In Manchester, Prime Minister Rishi Sunak at times struggled to assert himself as questions swirled around the fate of HS2.

Some Conservative MPs were accused of auditioning for a post-election leadership contest, while others appeared to stray into conspiracy theories.

Liberal Democrat leader Sir Ed Davey was also unable to assert his will over his party, losing a key vote on housing targets which means the party will fight the next election on a policy of building 380,000 homes per year across England rather than the more local approach favoured by the leadership.

– What were the key policy announcements?

Rishi Sunak had three major announcements in his leader’s speech in Manchester.

The Prime Minister scrapped the HS2 link to Manchester, replacing it with a series of smaller transport projects across the country.

That list of projects included some that have already been built, with Mr Sunak later claiming they had only been meant as “illustrative” examples.

He also pledged to phase out smoking by raising the age for buying cigarettes by a year every year, meaning those aged 14 now will never be able to purchase them legally.

And the Prime Minister announced a major reform to A-levels and T-levels, saying he will replace them with a baccalaureate-style “Advanced British Standard” in England.

In Liverpool, Labour’s big announcement was on housing.

Sir Keir Starmer pledged to build 1.5 million homes over the next Parliament – an average of 300,000 a year – including a string of new towns to prevent home ownership becoming a “luxury of the privileged few”.

This would also involve reforming planning laws to enable more housebuilding, although Labour denied it wants a “revolution” in the planning system.

Shadow chancellor Rachel Reeves reaffirmed her commitment to charging VAT on private school fees, and announced measures to tackle fraud and waste including a “Covid Corruption Commission” to claw back money lost to corruption during the pandemic.

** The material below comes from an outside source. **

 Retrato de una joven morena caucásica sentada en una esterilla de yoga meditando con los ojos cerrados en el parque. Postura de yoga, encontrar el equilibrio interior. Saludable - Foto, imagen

The Liberal Democrats’ major policy was on cancer care, with Sir Ed Davey saying he would invest £4 billion in NHS cancer treatment over the next five years and give cancer patients a legal right to start treatment within 62 days of an urgent referral.

Sir Ed said he hopes to build a cross-party consensus “to make cancer a top priority in the next parliament”.

– What other conferences took place this year?

Away from the major conferences, Britain’s smaller parties staged gatherings of their own.

In Brighton, the Green Party set out plans to target four seats at the next election – its existing seat of Brighton Pavilion, plus Bristol Central, Waveney Valley in East Anglia, and North Herefordshire – and said it would be open to a deal with Labour if needed after the election.

The small Reform Party, previously known as the Brexit Party, staged a conference in central London at which Nigel Farage attacked the Conservatives for copying his party’s rhetoric, but not its policies.